Maggiolino dei campi e maggiolino della foresta: le sottili differenze
Per i non addetti ai lavori, entrambe le specie sembrano identiche, ma uno sguardo più attento all'estremità dell'addome (pygidium) fornisce chiarezza. Nel maggiolino campestre questa estensione è lunga e stretta, mentre nel maggiolino forestale è più corta e presenta un ispessimento a forma di bottone all'estremità [1][5]. Questi dettagli sono spesso la chiave decisiva per l'identificazione nelle foto professionali dei maggiolini. Il colore degli animali varia dal marrone scuro al quasi nero, con le copritrici alari che solitamente hanno il pelo castano castano [5].
Suggerimento per la determinazione
Cerca le macchie triangolari bianche sui lati dell'addome. Questi sono caratteristici del genere Melolontha e mancano, ad esempio, nello scarabeo di giugno (Amphimallon solstitiale), anch'esso notevolmente più piccolo[1].
Il ciclo di vita pluriennale: una vita in segreto
I maggiolini trascorrono la maggior parte della loro vita non nell'aria, ma sottoterra. Il ciclo inizia con la deposizione delle uova a maggio. Una femmina depone circa 20-30 uova a una profondità di 20-25 cm in un terreno sciolto, preferibilmente caldo [2][10]. Dopo circa quattro-sei settimane, le larve, le cosiddette larve, si schiudono [5].
Le fasi delle larve
Lo sviluppo delle larve è diviso in tre fasi (da L1 a L3). Nel primo anno si nutrono principalmente di humus e radici di erba fine [10]. È solo nel secondo e terzo anno che sviluppano il loro temuto appetito per le radici più forti di alberi e colture [9]. In questa fase raggiungono una lunghezza fino a 5 cm e presentano la tipica postura curva a forma di C [5]. Lo svernamento avviene in strati di terreno più profondi e privi di gelo, fino a 60 cm di profondità [9].

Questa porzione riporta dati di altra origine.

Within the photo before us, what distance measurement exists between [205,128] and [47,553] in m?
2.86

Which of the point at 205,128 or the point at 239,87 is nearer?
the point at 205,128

L'anno del volo: uno spettacolo sincronizzato
Dopo la pupa nella tarda estate del terzo o quarto anno, lo scarabeo finito emerge in autunno ma rimane nel terreno fino alla primavera successiva [9]. La comparsa di massa nei cosiddetti “anni di volo” è un meccanismo di sopravvivenza per saziare i predatori e massimizzare le opportunità di accoppiamento [8]. È interessante notare che, a causa dei cambiamenti climatici e dei cambiamenti nell'uso del territorio (ad esempio la massiccia espansione della coltivazione del mais), i ritmi precedentemente rigidi di 3 o 4 anni si sono spostati o mescolati in alcune regioni [8].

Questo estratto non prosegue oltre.